# NL-to-SQL scaffold (classicmodels)

What this notebook does:
- Auth to GCP
- Safe Cloud SQL connection (classicmodels) via connector + SQLAlchemy
- Schema helpers + QueryRunner tool
- Smoke tests and dataset validator
- Base Llama-3-8B load (pre-QLoRA placeholder)

In [24]:
# Auth to Google Cloud (Colab) or skip gracefully elsewhere
try:
    from google.colab import auth
except ModuleNotFoundError:
    auth = None
if auth:
    auth.authenticate_user()
else:
    print("Not running in Colab; ensure GCP auth via gcloud/ADC or service account if needed.")

## Project context
Swap to env var in production if you don't want to hardcode project_id.

In [25]:
import os
project_id = "modified-enigma-476414-h9"  # replace with env var in production
os.environ["GOOGLE_CLOUD_PROJECT"] = project_id

## Installs
Pin these in a requirements cell/file for real runs.

In [12]:
import sys
# Prefer installing from pinned requirements.txt for reproducibility
%cd NLtoSQL
!{sys.executable} -m pip install --upgrade pip
!{sys.executable} -m pip install -r requirements.txt


/content/NLtoSQL


## Imports and logger

In [26]:
import os
import logging
from google.cloud.sql.connector import Connector
import sqlalchemy
from sqlalchemy import text
import pymysql
from typing import Optional

logging.basicConfig(level=logging.INFO)
logger = logging.getLogger("nl2sql_db")

## Connection params
Env first, prompt fallback during dev.

In [27]:
from getpass import getpass

INSTANCE_CONNECTION_NAME = os.getenv("INSTANCE_CONNECTION_NAME")
DB_USER = os.getenv("DB_USER")
DB_PASS = os.getenv("DB_PASS")
DB_NAME = os.getenv("DB_NAME", "classicmodels")

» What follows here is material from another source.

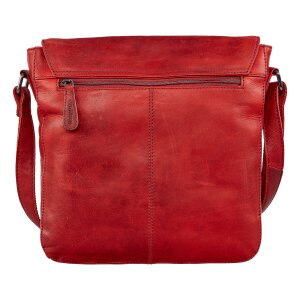 Echt Leder Handtasche, Umh&auml;ngetasche, 100 B&uuml;ffelleder Damen und Herren rot/ OE10426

if not INSTANCE_CONNECTION_NAME:
    INSTANCE_CONNECTION_NAME = input("Enter INSTANCE_CONNECTION_NAME: ").strip()
if not DB_USER:
    DB_USER = input("Enter DB_USER: ").strip()
if not DB_PASS:
    DB_PASS = getpass("Enter DB_PASS: ")

Enter INSTANCE_CONNECTION_NAME: modified-enigma-476414-h9:europe-west2:classicmodels
Enter DB_USER: root
Enter DB_PASS: ··········


## Connector + engine setup

In [28]:
from google.api_core import retry
from sqlalchemy.engine import Engine
import time
from contextlib import contextmanager

connector = Connector()

def getconn():
    """SQLAlchemy creator hook using the Cloud SQL connector."""
    return connector.connect(
        INSTANCE_CONNECTION_NAME,
        "pymysql",
        user=DB_USER,
        password=DB_PASS,
        db=DB_NAME,
    )

engine: Engine = sqlalchemy.create_engine("mysql+pymysql://", creator=getconn, future=True)

@contextmanager
def safe_connection(engine):
    """Yield a connection and clean up after use."""
    conn = None
    try:
        conn = engine.connect()
        yield conn
    finally:
        if conn:
            conn.close()

## Schema exploration helpers

In [29]:
import pandas as pd

def list_tables(engine) -> list:
    """Return a list of table names."""
    with safe_connection(engine) as conn:
        result = conn.execute(text("SHOW TABLES;")).fetchall()
    return [r[0] for r in result]

def get_table_columns(engine, table_name: str) -> pd.DataFrame:
    """Return a DataFrame of columns."""
    query = text("""
        SELECT COLUMN_NAME, DATA_TYPE, IS_NULLABLE, COLUMN_KEY
        FROM INFORMATION_SCHEMA.COLUMNS
        WHERE TABLE_SCHEMA = :db AND TABLE_NAME = :table
        ORDER BY ORDINAL_POSITION
    """)
    with safe_connection(engine) as conn:
        df = pd.read_sql(query, conn, params={"db": DB_NAME, "table": table_name})
    return df

ERROR:asyncio:Unclosed client session
client_session: <aiohttp.client.ClientSession object at 0x7d895da20320>


In [30]:
!gcloud auth application-default login



You are running on a Google Compute Engine virtual machine.
The service credentials associated with this virtual machine
will automatically be used by Application Default
Credentials, so it is not necessary to use this command.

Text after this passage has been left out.